La veille, sur la chaîne d’information en continu LCI, Michel Barnier, le négociateur européen pour le Brexit avait par avance rejeté l’éventualité de ces négociations annuelles et assuré que «l'accord sur la pêche sera partie intégrante et non dissociable de l'accord de commerce».
L’absence possible d’un accord commercial, qui reste à négocier au pas de course d’ici la fin de l’année, n’entravera en rien l’activité des autres secteurs économiques, créant tout au plus des difficultés douanières. Mais la pêche, elle, serait directement impactée. Boris Johnson le sait bien et c’est sans doute la raison pour laquelle il a adressé cette mise en garde.
En effet, jusqu’à la fin de l’année, les bateaux de pêche des Etats membres de l’Union européenne ont librement accès aux eaux territoriales britanniques et les navires immatriculés au Royaume-Uni bénéficient en contrepartie des mêmes droits dans les eaux des autres Etats. Mais, faute d’accord d’ici la fin de la période de transition, les chalutiers français, espagnols ou portugais pourraient se voir interdire sans préavis l’accès aux eaux poissonneuses du Royaume-Uni, ce dès le 1er janvier 2021. Or, ils y réalisent entre 30% et 50% de leurs prises, c’est donc une menace directe pour la viabilité économique des entreprises de pêche du continent.
Inquiétude chez les pêcheurs français
L’inquiétude est grande chez les pêcheurs français et a motivé le déplacement de la porte-parole du gouvernement Sibeth n’Diaye et de la secrétaire d’Etat aux Affaires européennes Amélie de Montchalin, dès le 4 février dans le Calvados pour «rassurer» et «faire de la pédagogie». «En hiver, la pêche dans les eaux britanniques représente 70% à 80% de notre chiffre d’affaires», leur a confié Jérôme Vicquelin, cité par le quotidien Ouest France.
Selon ce propriétaire d’un chalutier : «Toute la flottille pourrait être impactée, des chalutiers hauturiers [de haute mer] aux plus petits bateaux, si les Anglais nous interdisaient la pêche. Au risque de provoquer la casse d’une décennie dynamique pour notre profession.»

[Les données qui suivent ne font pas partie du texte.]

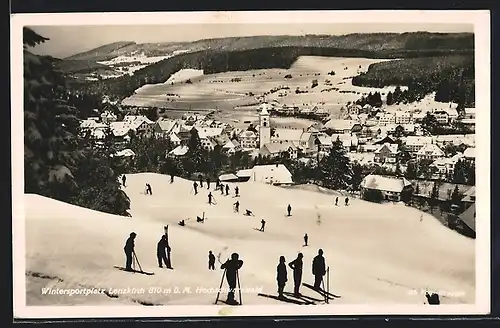 AK Lenzkirch /Hochschwarzwald, Wintersportplatz, Skifahrer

En effet, selon les chiffres de l’Observatoire européen des marchés des produits de la pêche et de l'aquaculture, la rentabilité de la profession n’a cessé de s’améliorer au cours de la dernière décennie, même si cette amélioration s’est accompagnée d’une réduction significative de la flotte.
Aujourd’hui l'UE est un marché mondial majeur pour le poisson et les fruits de mer. En 2017, la consommation s'élevait à 12,45 millions de tonnes, soit une moyenne de 24 kg par habitant. Cependant, la consommation varie considérablement à travers l'UE, de 56,8 kg par habitant au Portugal à 5,6 kg en Hongrie.
La pêche et l’aquaculture représentent malgré cela relativement peu d’emplois directs par rapport à d’autres secteurs comme l’agriculture et l’industrie. En France, selon des chiffres partiels collectés par Eurostat, le secteur, activités de transformation comprises n’emploierait qu’un peu plus de 25 000 personnes en équivalent temps plein (voir infographie). Mais ces emplois directs entraînent des milliers d’emplois indirects. Et un effondrement du secteur causé par une perte d’accès aux eaux territoriales britanniques aurait un impact économique sur de nombreuses collectivités du littoral.